A Fundação Ellen MacArthur lançou há três anos um Compromisso Global por uma Nova Economia dos Plásticos. Como esse pacto funciona e quais são as metas das empresas signatárias?
Cerca de 50% da poluição plástica vem de embalagens plásticas, então a iniciativa de plásticos da Ellen foca em produtores de embalagens. O Compromisso Global, que tem 65 membros que juntos representam cerca de 20% de tudo o que é produzido em termos de embalagens plásticas no mundo, assumiram quatro metas até 2025. Essas metas são:
- o compromisso de eliminar dos seus portfólios todos os plásticos identificados como problemáticos ou desnecessários;
- elevar a quantidade de embalagens reutilizáveis no seu portfólio;
- ter, até 2025, 100% de embalagens reutilizáveis, recicláveis ou compostáveis – o que é desafiador, pois hoje esse número é de 65%;
- e chegar ao número de 25% de plástico reciclado sendo utilizado no seu portfólio.
Isso significa que, quando a marca desenvolver uma nova embalagem, 25% daquela embalagem deve ser proveniente de plástico reciclado, e não de plástico virgem. Essa é a meta mais avançada, e, se continuarmos no ritmo atual, vai ser cumprida.
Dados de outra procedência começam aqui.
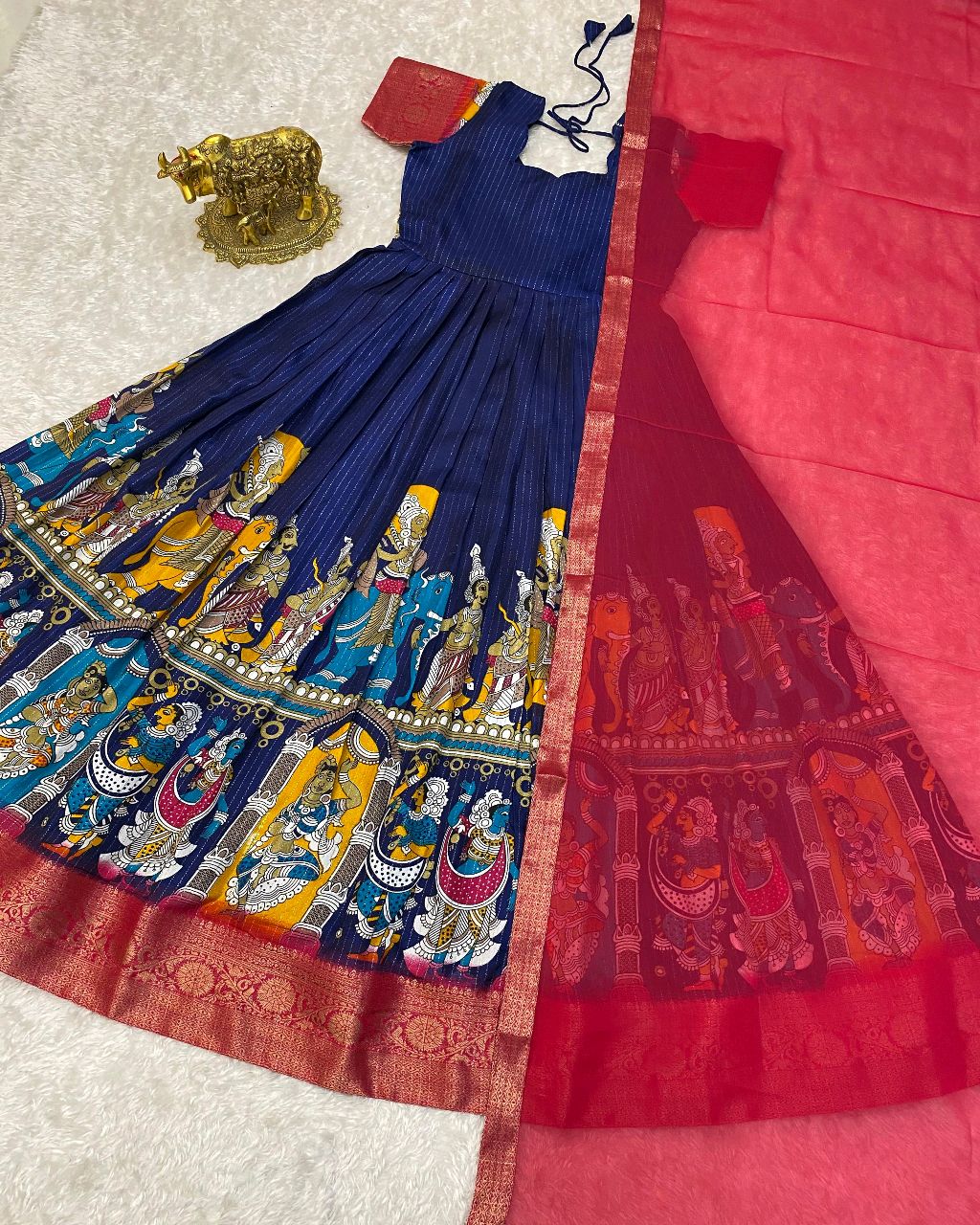 Super trendy reko zari dola silk long gown with georgette dupatta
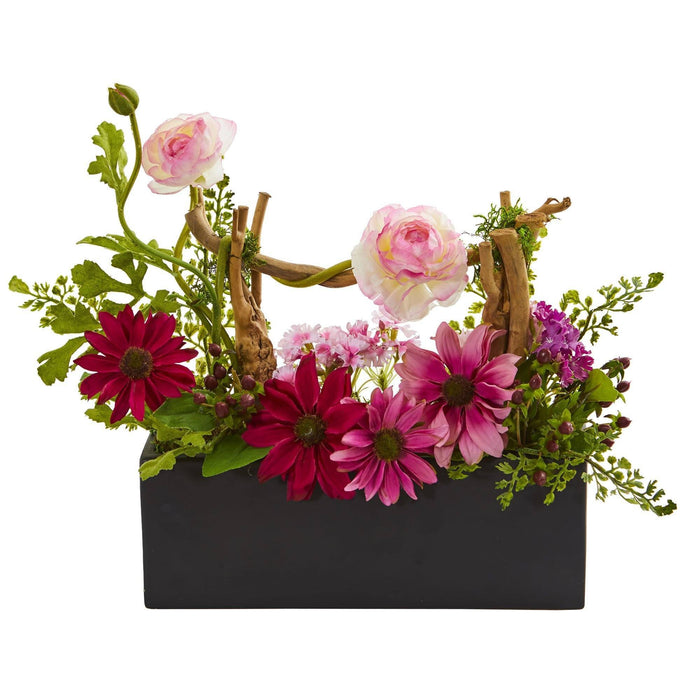 Daisy & Ranunculus Artificial Arrangement in Black Vase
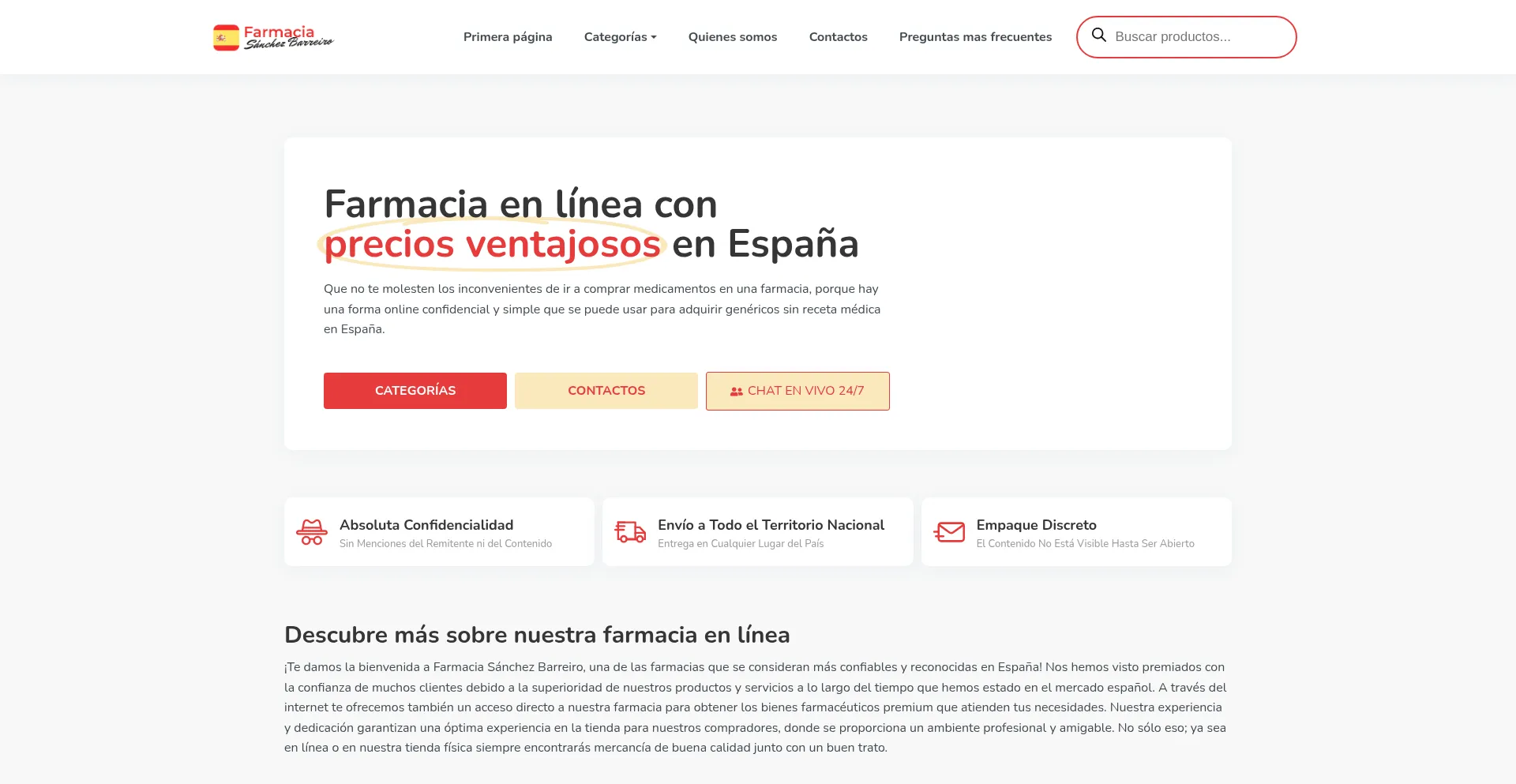 Website screenshot of Farmaciasanchezbarreiro.com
Além dessas, temos uma quinta meta, adicional, que é uma consequência da economia circular. É a meta de redução da utilização de plástico virgem no geral. Cada empresa declara a quantidade de plástico que usa ano após ano, e estamos vendo uma redução do emprego de plástico virgem.
Qual o peso do fator econômico nisso? Usar plástico virgem ainda é mais barato do que trabalhar com reciclados?
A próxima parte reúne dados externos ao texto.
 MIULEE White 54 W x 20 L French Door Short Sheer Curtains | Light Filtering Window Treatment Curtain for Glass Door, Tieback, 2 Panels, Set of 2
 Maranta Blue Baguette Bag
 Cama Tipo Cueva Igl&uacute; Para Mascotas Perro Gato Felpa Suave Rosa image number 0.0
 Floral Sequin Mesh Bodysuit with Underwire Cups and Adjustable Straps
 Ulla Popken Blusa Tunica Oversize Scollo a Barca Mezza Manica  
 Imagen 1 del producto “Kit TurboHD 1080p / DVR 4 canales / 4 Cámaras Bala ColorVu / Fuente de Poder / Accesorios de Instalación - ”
De forma geral, existe essa tendência no início de qualquer transição. Normalmente, o plástico reciclado é mais caro porque essa cadeia de valor ainda não existe, precisa ser criada a infraestrutura, mas há países em que isso já não é assim porque o fluxo de reciclagem acontece de forma mais natural.
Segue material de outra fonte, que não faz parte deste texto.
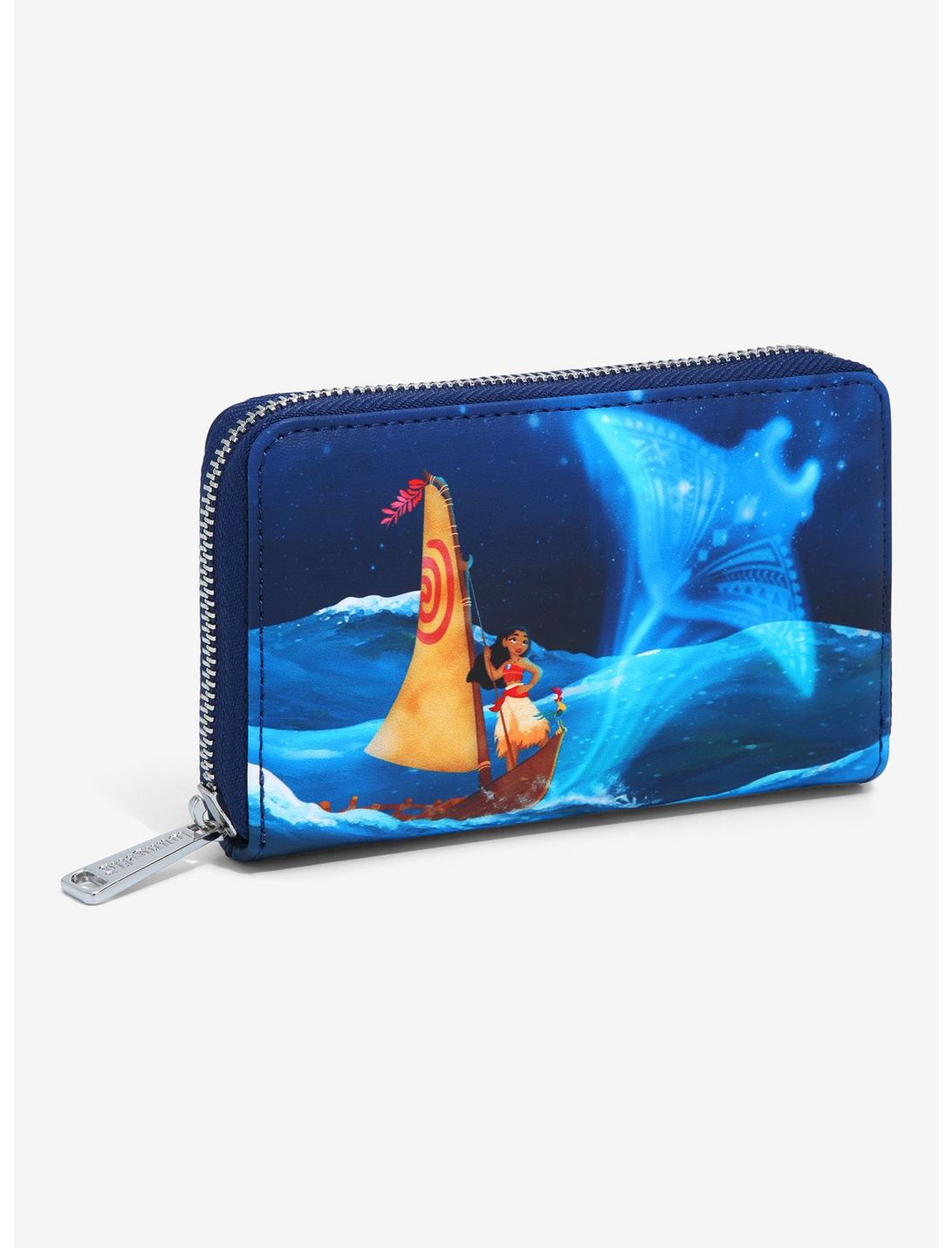 Loungefly Disney Moana Maui's Fish Hook & Gramma Tala Stingray Small Zip Wallet - BoxLunch Exclusive, , hi-res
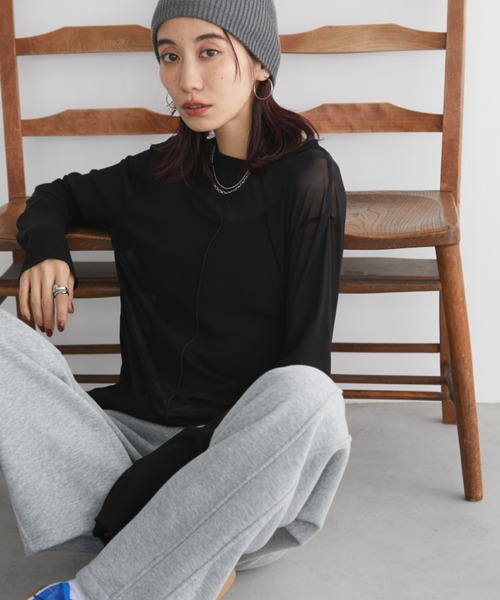 Auntie Rosa Holiday（アンティローザホリデー）の「パワーメッシュシアーロンTEE（Tシャツ/カットソー・レディース・ボルドー/ブラック/オフホワイト/グレー/ブルー/オレンジ系/グリーン・FREE）」の21枚目の写真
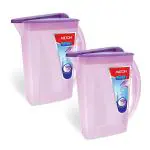 Milton H2O Slim Plastic Water Jug Set of 2, 2 litres Each, Purple | BPA | Food Grade | Refrigerator Safe | Ideal for Serving Water | Juices | Shakes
Nesse sentido, a Europa é a região mais avançada em termos de regulação das embalagens plásticas.
A Fundação Ellen MacArthur trabalha para disseminar o paradigma da economia circular. Poderia explicar melhor esse conceito?
“A melhor forma de explicar a economia circular é dizer que é uma alternativa à economia linear. Nossa economia inteira é linear: uma linha reta de extração, uso e descarte. Isso fomenta a economia extrativista, o que é um problema, pois estamos em um planeta de recursos finitos.”
A economia circular vai muito além do plástico: é uma alternativa pensada no sentido de que tudo o que usamos de material deve ser desenhado para continuar na economia. A gente está falando de reparação, como as roupas que podem ser consertadas em vez de descartadas, de reuso e de reciclagem. Essas são alternativas que fazem parte da economia circular, que sempre começa com redução, com a eliminação do que usamos sem precisar.
Depois disso, temos de olhar para o que não pode ser eliminado e inovar, pensar o que pode ser desenhado para ser reparado ou reutilizado.
O fato de ver isso refletido no tratado global sobre plásticos é a principal resposta de que existe um suporte de todos os setores em relação à economia circular.